How to use the data set
This supplementary data set contains: a) the metadata with anonymized participant information, b) the raw electromyographic (EMG) data acquired during locomotion, c) the touchdown and lift-off timings of the recorded limb, d) the filtered and time-normalized EMG, e) the muscle synergies extracted via non-negative matrix factorization and f) the code written in R (R Found. for Stat. Comp.) to process the data, including the scripts to calculate the short-term Maximum Lyapunov Exponents (sMLE) and Higuchi's fractal dimension (HFD) of motor primitives. In total, 476 trials from 86 participants are included in the supplementary data set.
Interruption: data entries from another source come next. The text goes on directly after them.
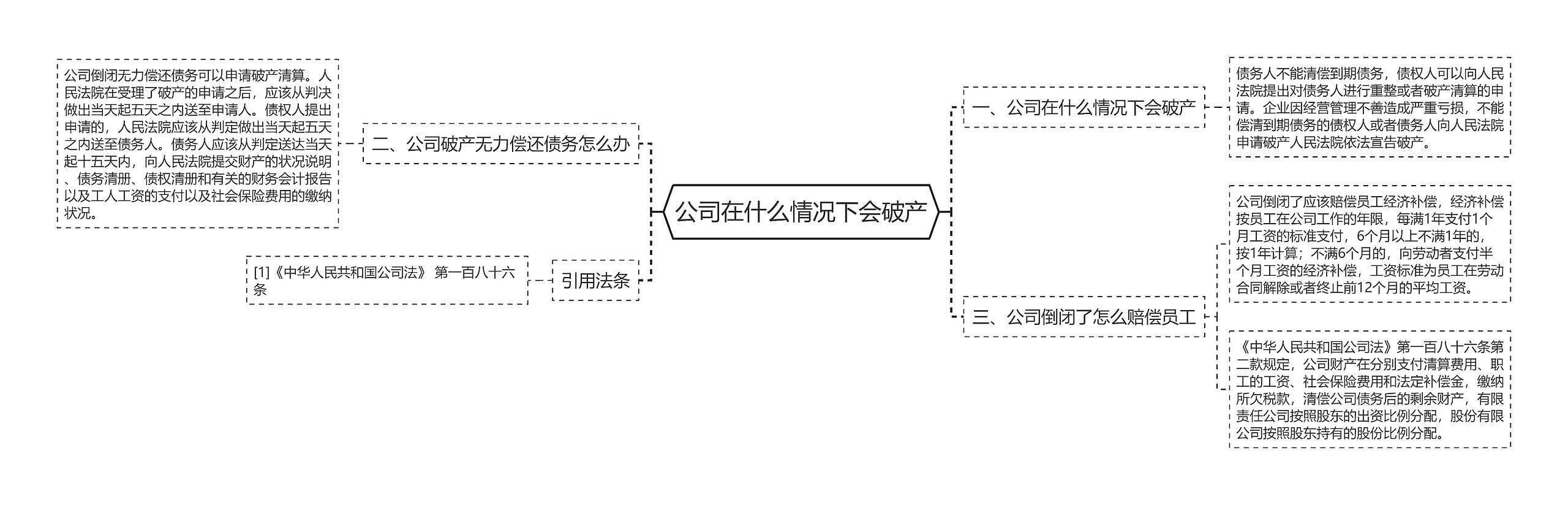 公司在什么情况下会破产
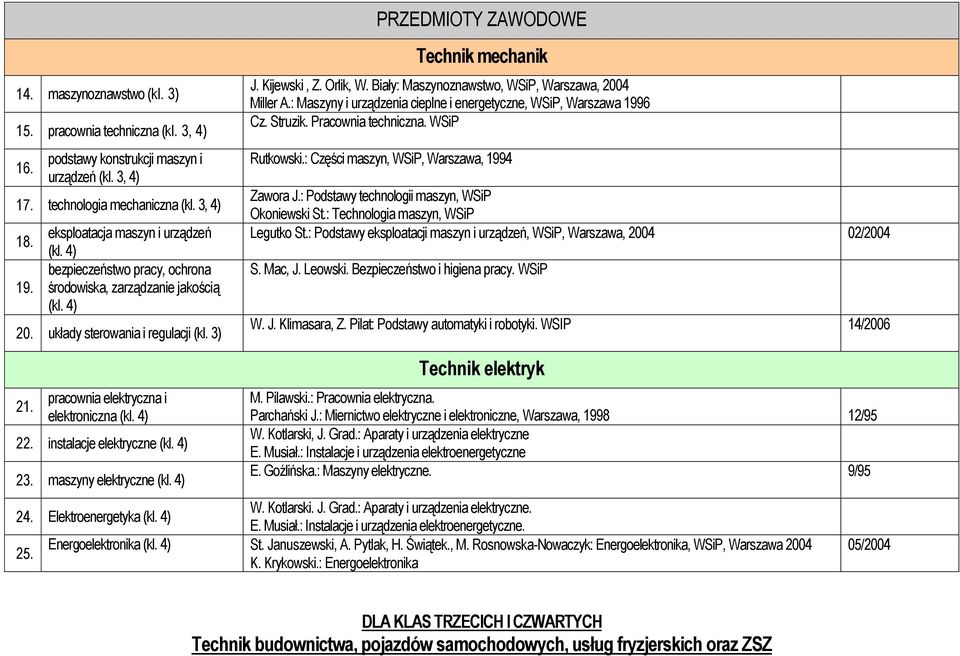 Biały: Maszynoznawstwo, WSiP, Warszawa, 2004 Miller A.: Maszyny i urządzenia cieplne i energetyczne, WSiP, Warszawa 1996 Szuman Cz. Struzik. W.: Pracownia Maszyny i techniczna.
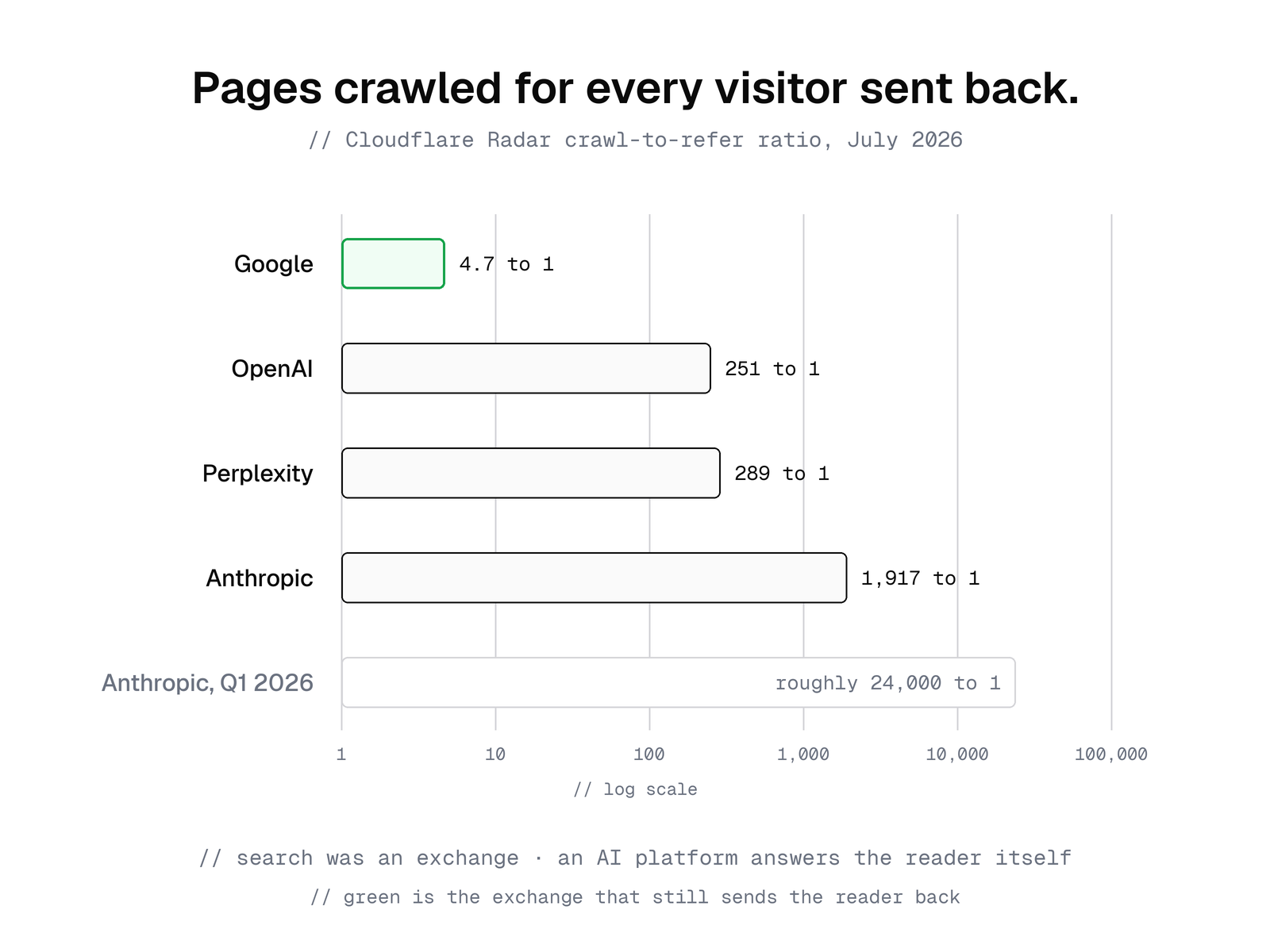 Cloudflare Radar crawl-to-refer ratios for July 2026 on a log scale: Google 4.7 to 1, OpenAI 251 to 1, Perplexity 289 to 1, Anthropic 1,917 to 1, down from roughly 24,000 to 1 in the first quarter.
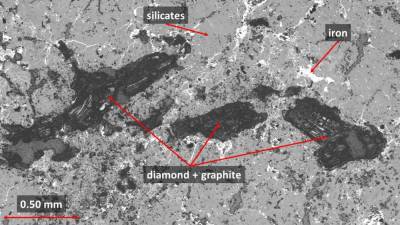 Ученые — алмазы в метеоритах имеют внегалактическое происхождение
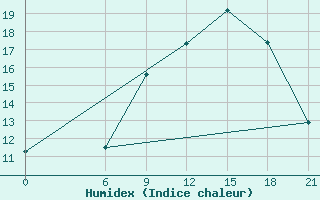 Courbe de l'humidex pour Edinburgh (UK)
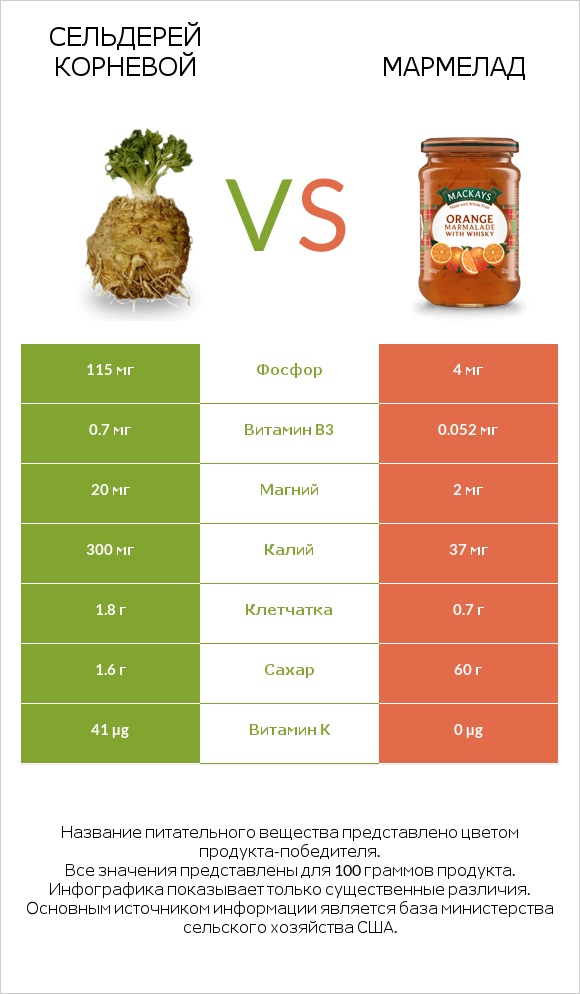 Сельдерей корневой vs Мармелад infographic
The file “participant_data.dat” is available in ASCII and RData (R Found. for Stat. Comp.) format and contains:
Code: the participant’s code
Experiment: the experimental setup in which the participant was involved (E1 = walking and running, overground and treadmill; E2 = walking and running, even- and uneven-surface; E3 = unperturbed and perturbed walking, young and old)
Group: the group to which the participant was assigned (see methods for the details)
Sex: the participant’s sex (M or F)
Speed: the speed at which the recordings were conducted in m/s
Age: the participant’s age in years (participants were considered old if older than 65 years, but younger than 80)
Height: the participant’s height in [cm]
Mass: the participant’s body mass in [kg].
The "RAW_DATA.RData" R list consists of elements of S3 class "EMG", each of which is a human locomotion trial containing cycle segmentation timings and raw electromyographic (EMG) data from 13 muscles of the right-side leg. Cycle times are structured as data frames containing two columns that correspond to touchdown (first column) and lift-off (second column). Raw EMG data sets are also structured as data frames with one row for each recorded data point and 14 columns. The first column contains the incremental time in seconds. The remaining 13 columns contain the raw EMG data, named with the following muscle abbreviations: ME = gluteus medius, MA = gluteus maximus, FL = tensor fasciæ latæ, RF = rectus femoris, VM = vastus medialis, VL = vastus lateralis, ST = semitendinosus, BF = biceps femoris, TA = tibialis anterior, PL = peroneus longus, GM = gastrocnemius medialis, GL = gastrocnemius lateralis, SO = soleus. Please note that the running overground trials of participants P0001 and P0009 and the second uneven-surface running trial of participant P0048 consist of 22, 27 and 23 cycles, respectively. All the other trials consist of 30 gait cycles. Trials are named like “P0053_OW_02”, where the characters “P0053” indicate the participant number (in this example the 53rd), the characters “OW” indicate the locomotion type (E1: OW=overground walking, OR=overground running, TW=treadmill walking, TR=treadmill running; E2: EW=even-surface walking, ER=even-surface running, UW=uneven-surface walking, UR=uneven-surface running; E3: NW=normal walking, PW=perturbed walking), and the numbers “02” indicate the trial number (in this case the 2nd). The 10 trials per participant recorded for each overground session (i.e. 10 for walking and 10 for running) were concatenated into one. The filtered and time-normalized EMG data are named, following the same rules, like “FILT_EMG_P0053_OG_02”.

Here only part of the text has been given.